Halt machten die Mitwirkenden unter anderem vor dem Sitz des privaten Pflegekonzerns Kursana, bei der Helios Unternehmenszentrale, dem GKV Spitzenverband und de, Europahaus, da "die EU-Kommission weiterhin die Freigabe der Patente für die COVID-19-Impfstoffe verhindere".

Zu den Veranstalterin in Berlin gehört auch Walk of Care, eine seit vier Jahren bestehende Gruppe von Beschäftigten im Gesundheitswesen, welche eine Reihe von Vorschlägen und Forderungen zur Verbesserung der Situation anbringt, darunter eine "grundsätzliche Neustrukturierung der Krankenhausfinanzierung hin zu einer bedarfsgerechten und gemeinwohlorientierten Finanzierung",  durch eine Umstrukturierung der Sozialsysteme mit gemeinsamen Gesundheitskassen nach dem Solidaritätsprinzip für alle Bürger.

"Die Logik von Aktienmärkten kann nicht auf den Gesundheitsbereich angewendet werden. Aktien ergeben nur in Bereichen, in denen eine Wertschöpfung stattfindet, Sinn. Deshalb müssen alle nichtstaatlichen Gesundheitseinrichtungen gemeinnützig werden. Der Pflegebereich ist kein wachsender Markt, er ist eine wachsende Herausforderung für unsere Gesellschaft," heißt es auf der Internetseite von Walk of Care.

Im März warnten auch Intensivmediziner und Pflegeexperten, dass aufgrund der momentanen Arbeitsbedingungen mit einer massiven Verschärfung des Personalmangels auf Intensivstationen zu rechnen sei – mit katastrophalen Folgen für die Gesundheitsversorgung.

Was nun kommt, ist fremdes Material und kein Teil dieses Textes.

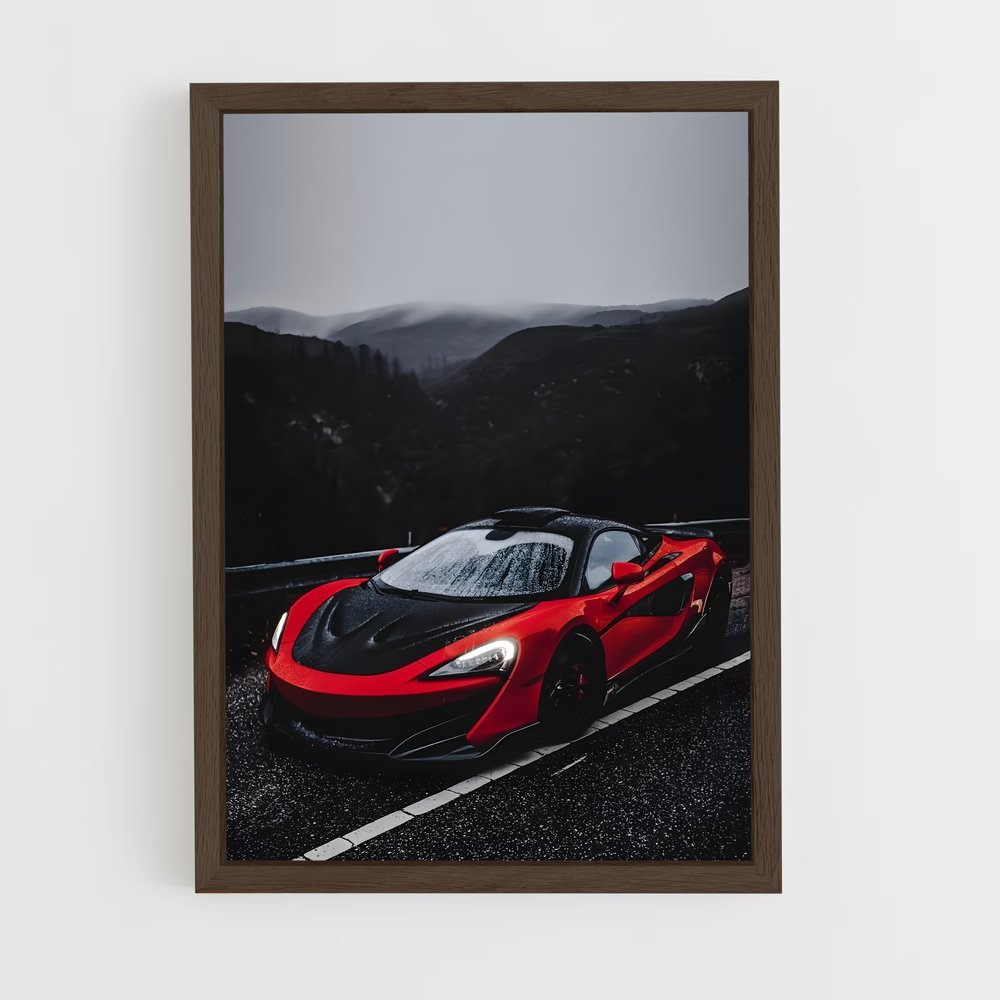 Poster Vitesse élégance montée – affiche Mclaren (vue 5)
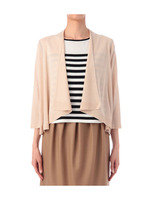 ノーボタンドレープニットカーディガン/ホワイト(003)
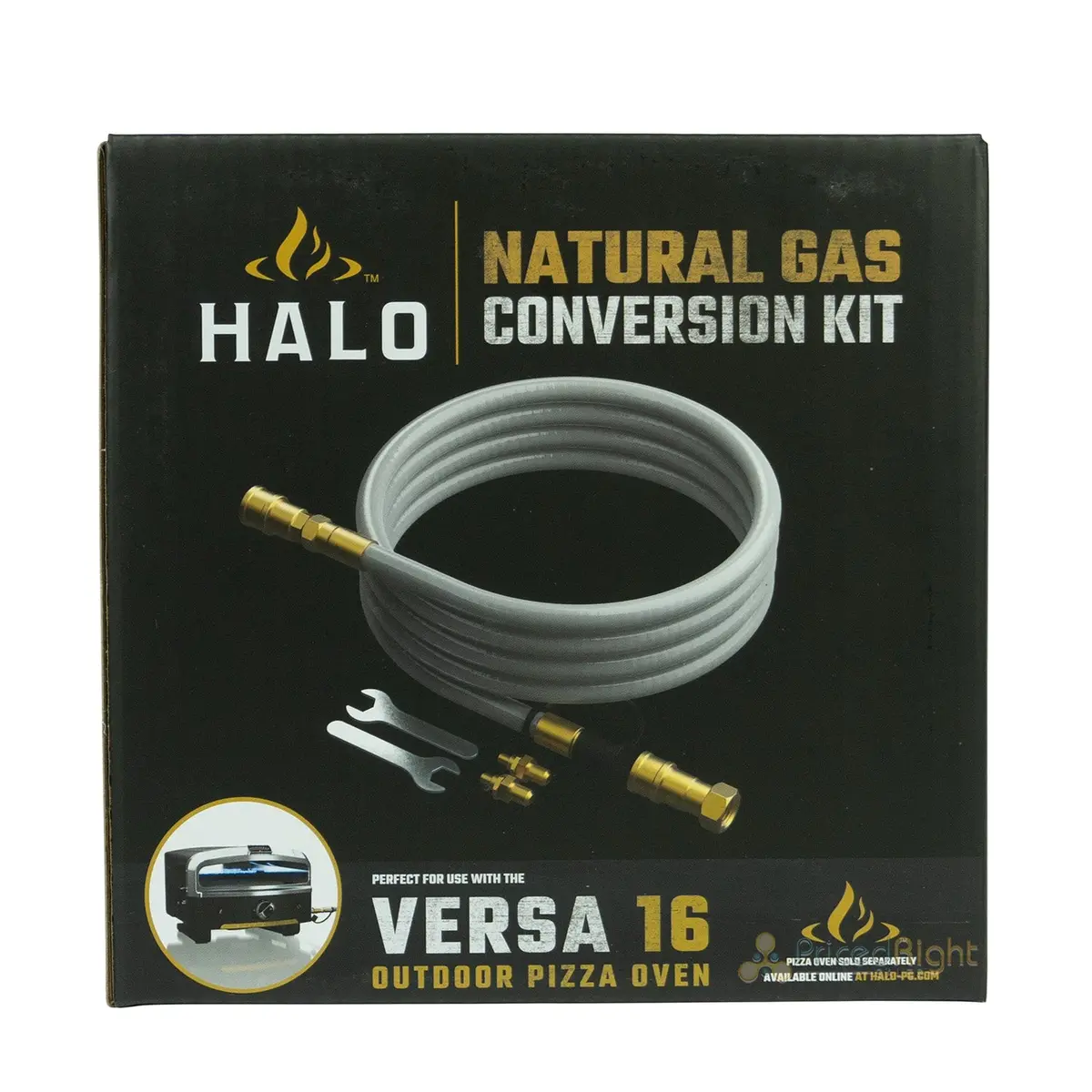 Halo Natural Gas Conversion Kit For Halo Versa 16 Countertop Oven Hz-3001-A 1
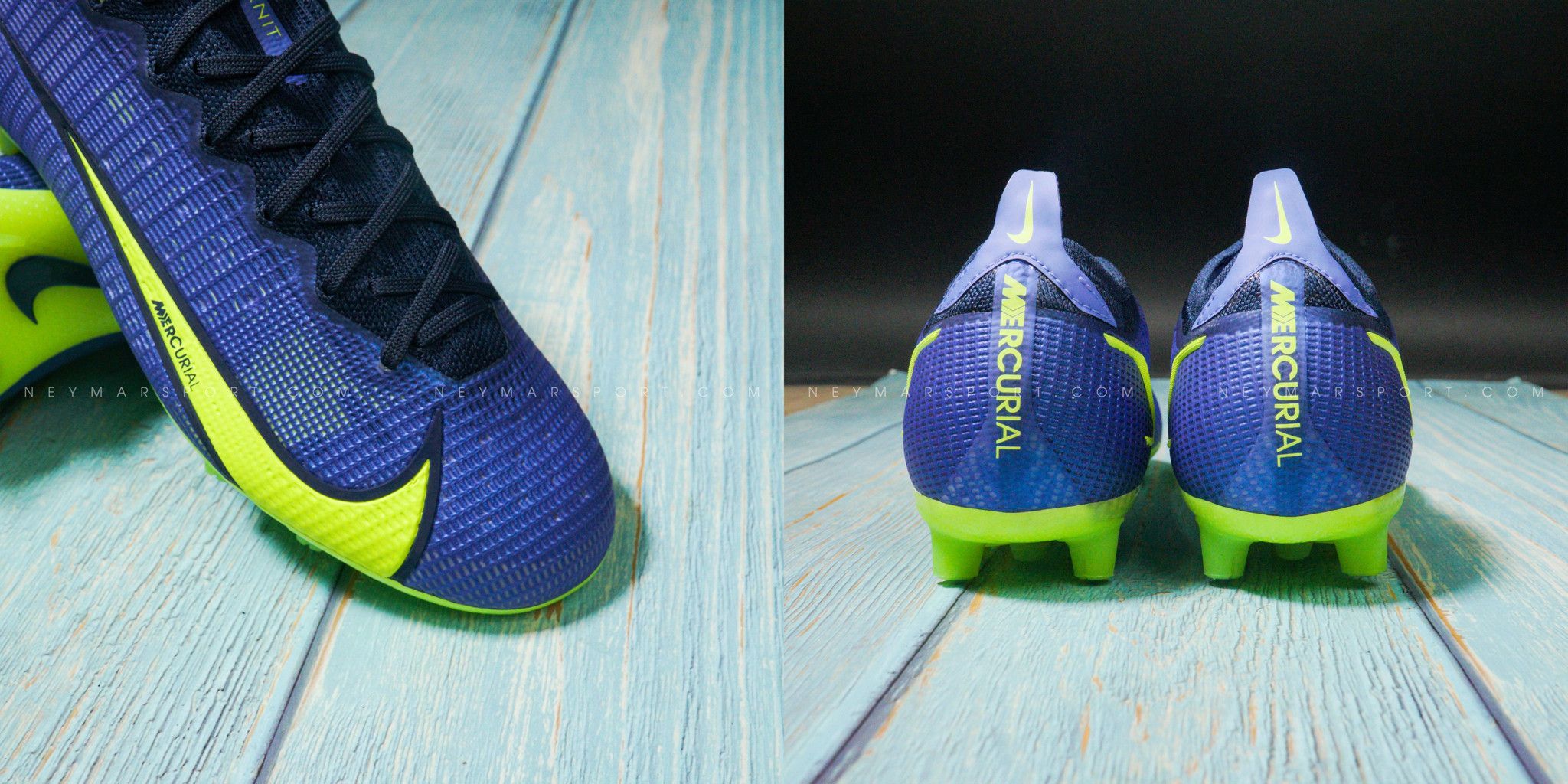 NIKE MERCURIAL VAPOR 14 ELITE HG RECHARGE - SAPPHIRE/VOLT/BLUE VOID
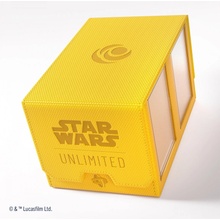 Gamegenic Star Wars Unlimited Double Deck Pod Yellow krabička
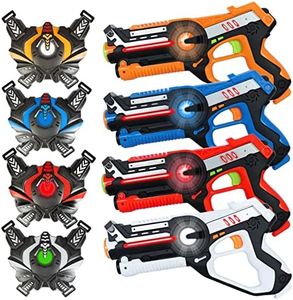 FORHISHER Upgraded Laser Tag Game for Kids Laser Tag Set 4 Player Pack with Vest Laser Tag Guns for Kids Boys Indoor Outdoor Group Activity Toys Gifts for 6 7 8 9 10 11 12+Year Old Boys Girls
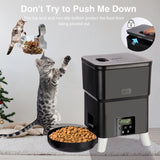 3L Timing Smart Automatic Pet Feeder For Cats Button Intelligent Dry Food Dispenser Dog Bowl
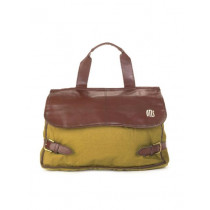 OTLS Unisex Khaki Dual Flap Bag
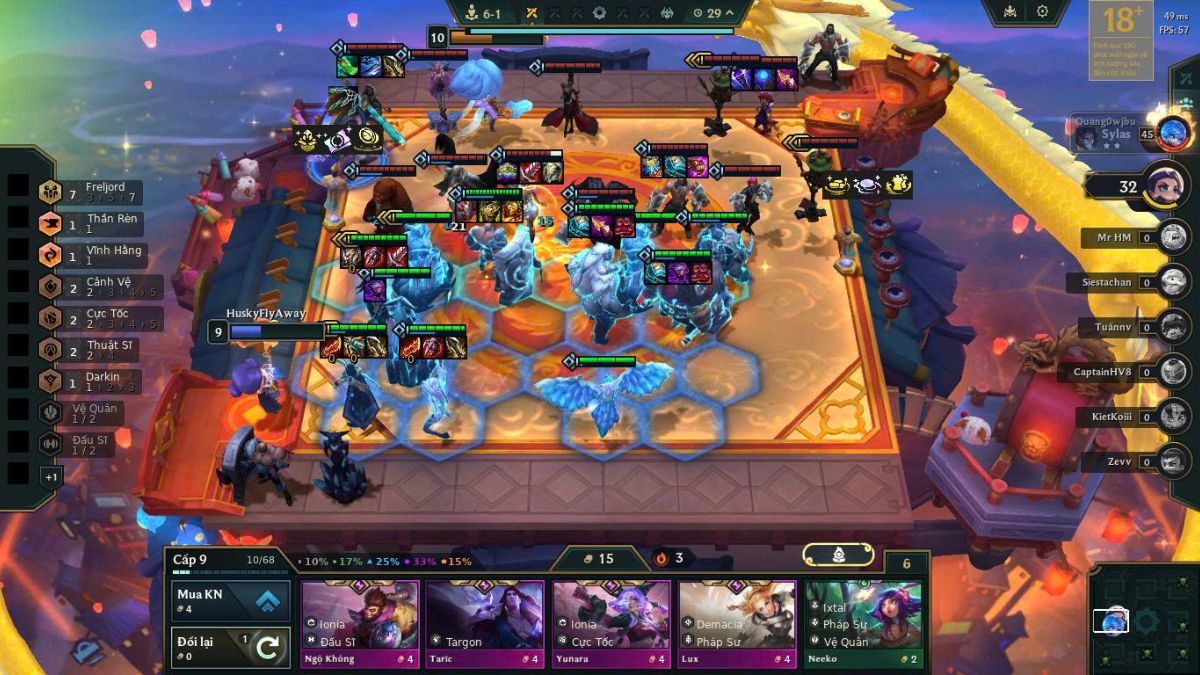 ĐTCL mùa 16: Triển khai đội hình Ashe Freljord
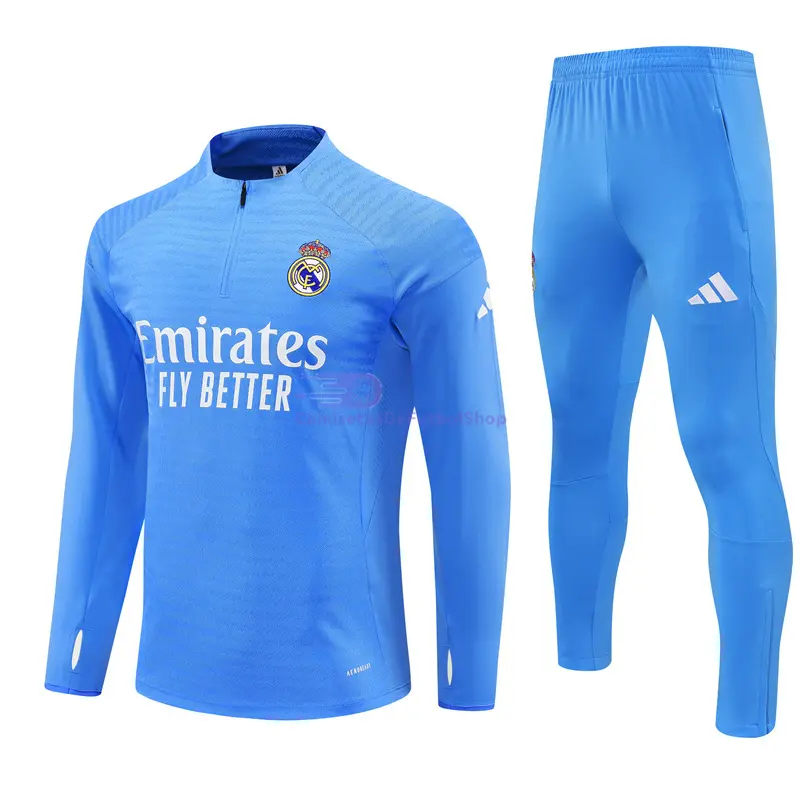 Sudadera De Entrenamiento Real Madrid 2025/2026 Kit Azul Claro (EDICIÓN JUGADOR)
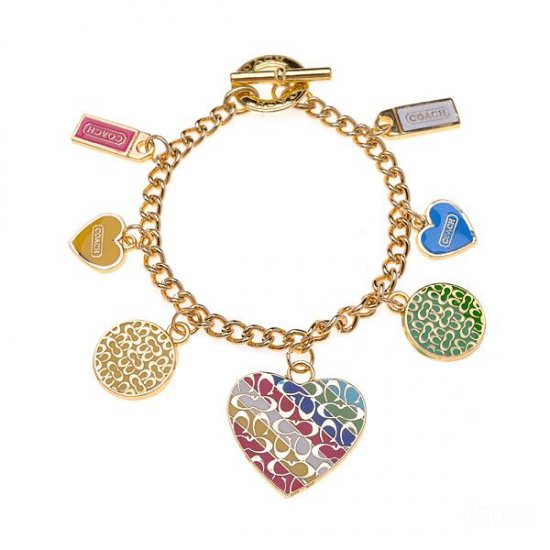 Coach Love Gold Bracelets CXC - Click Image to Close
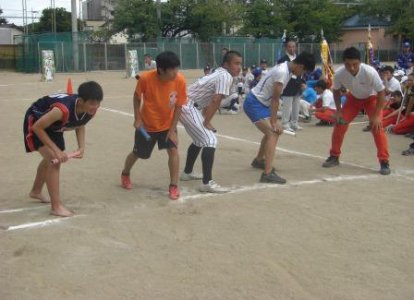 パフォーマンスなしのガチンコ勝負リレー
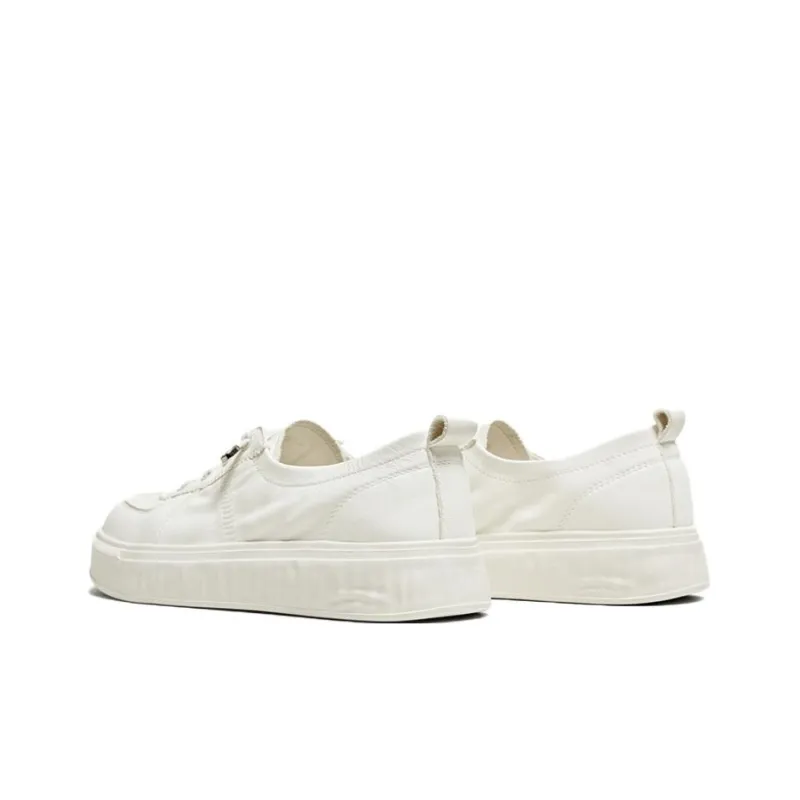 BASTO Low Top Skateboard Shoes Women's Beige-3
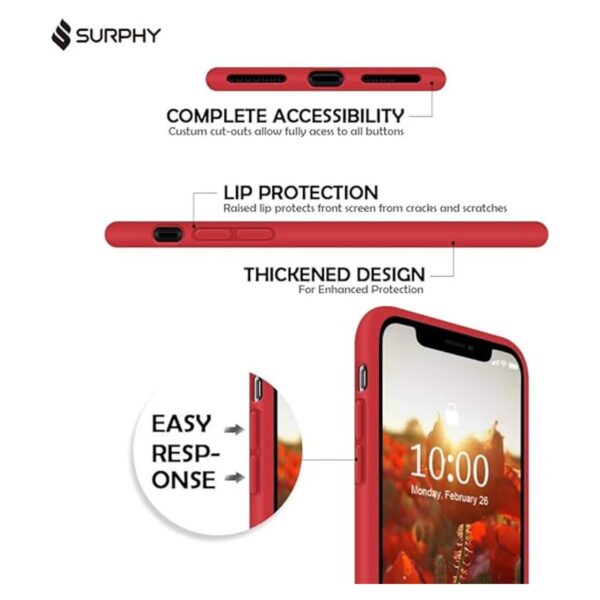 SURPHY Funda de silicona compatible con iPhone Xs Funda_2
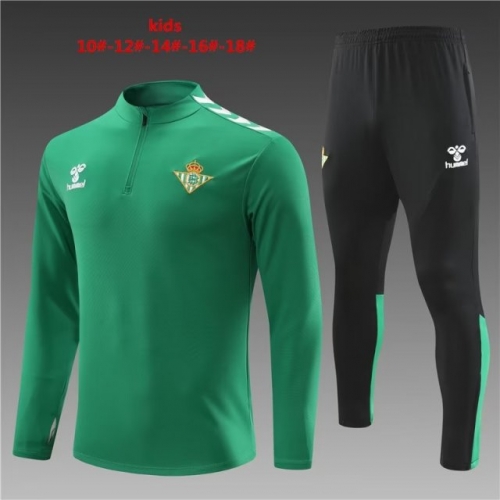 2022/23 Real Betis Green Kids/Youth Thailand Soccer Tracksuit Uniform-801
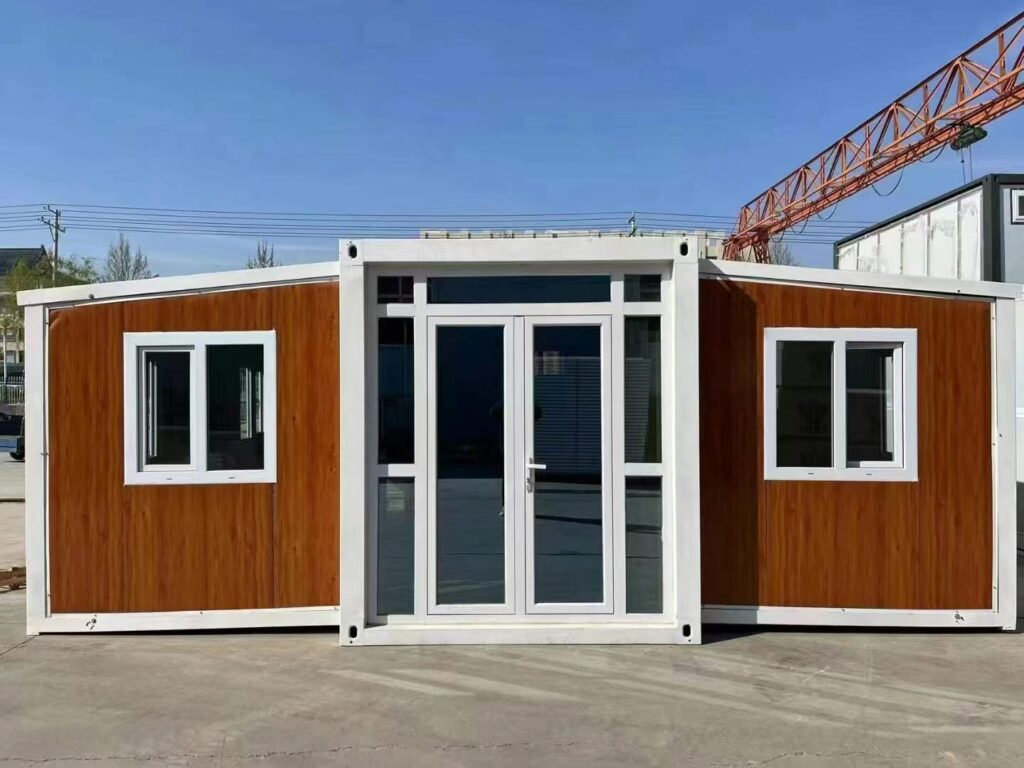 Expandable Container House Orange Exterior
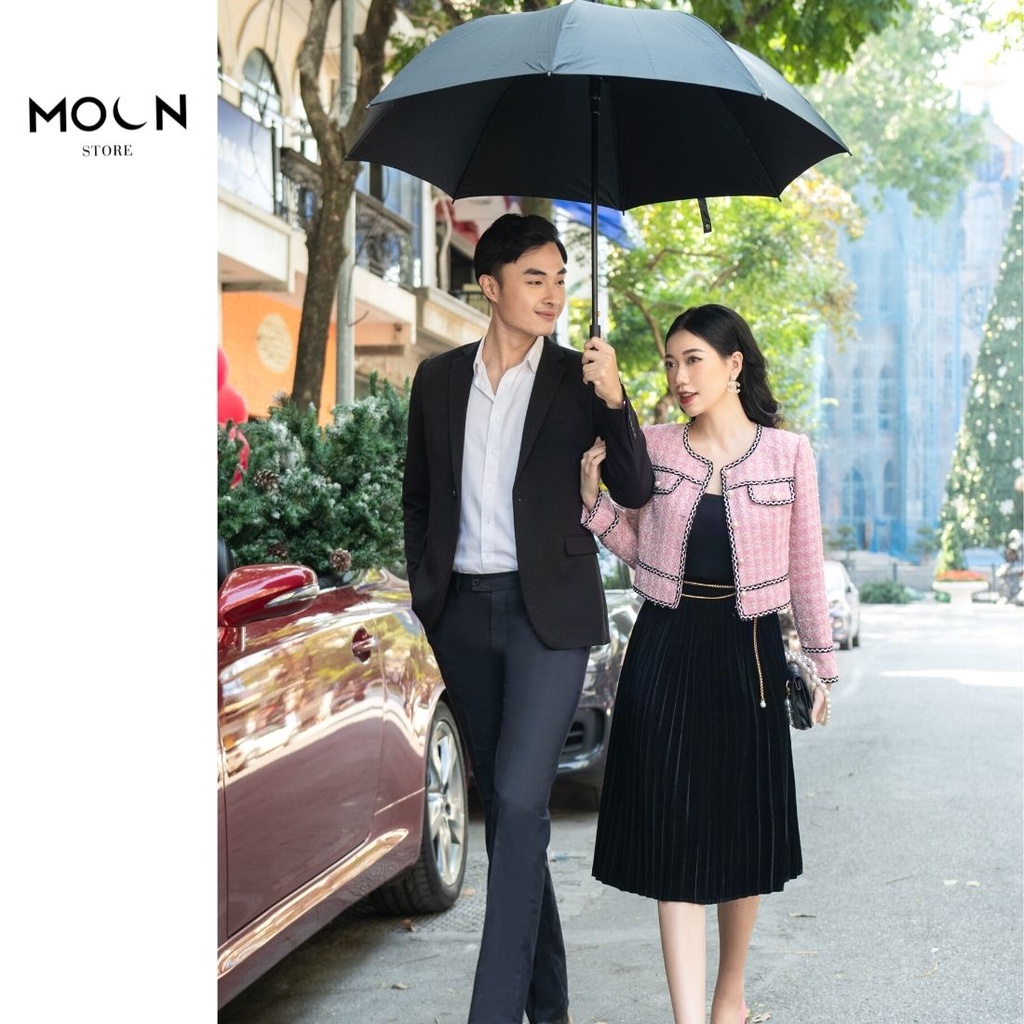 Chân Váy Nhung Xếp Ly Tinh Tế Với Chất Liệu Nhung Cao Cấp Không Nhăn Không Mất Form Khi Giặt MCV333 MOON STORE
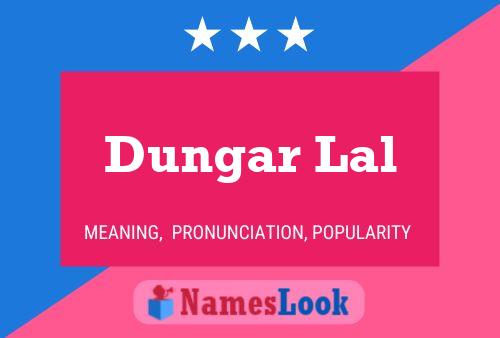 ملصق اسم Dungar Lal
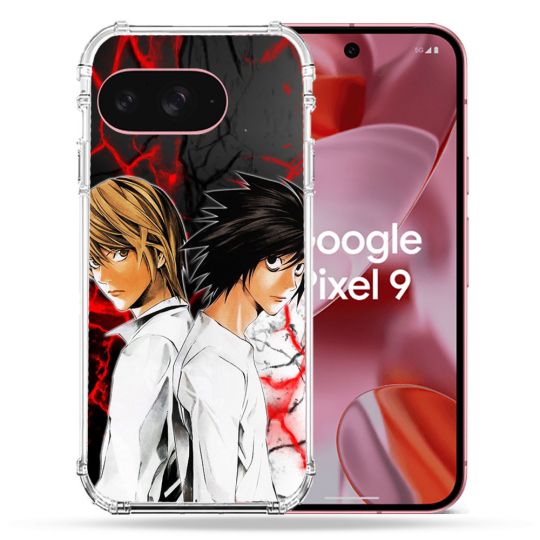 Coque Renforcée Pour Google Pixel 9 Manga Death Note Duo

Auch laut dem Geschäftsführer des Deutschen Berufsverbandes für Pflegeberufe Franz Wagner habe die Corona-Krise viele Pflegekräfte an den Rand des Leistbaren gebracht, einige erlitten posttraumatische Erschöpfungszustände und viele denken daran, ihren Beruf aufzugeben.

Dabei überstiegen die Gesundheitskosten hierzulande im Jahr 2019 erstmals die Grenze von 400 Milliarden Euro, nachdem im Jahr 2012 die 300-Milliar­den-Euro-Grenze und davor im Jahr 1998 die 200-Milliarden-Euro-Grenze erreicht worden war. Der zeitliche Abstand bis zum Erreichen der jeweils nächsten 100-Milliardenmarke hat sich damit seit 1998 von 14 auf 7 Jahre halbiert.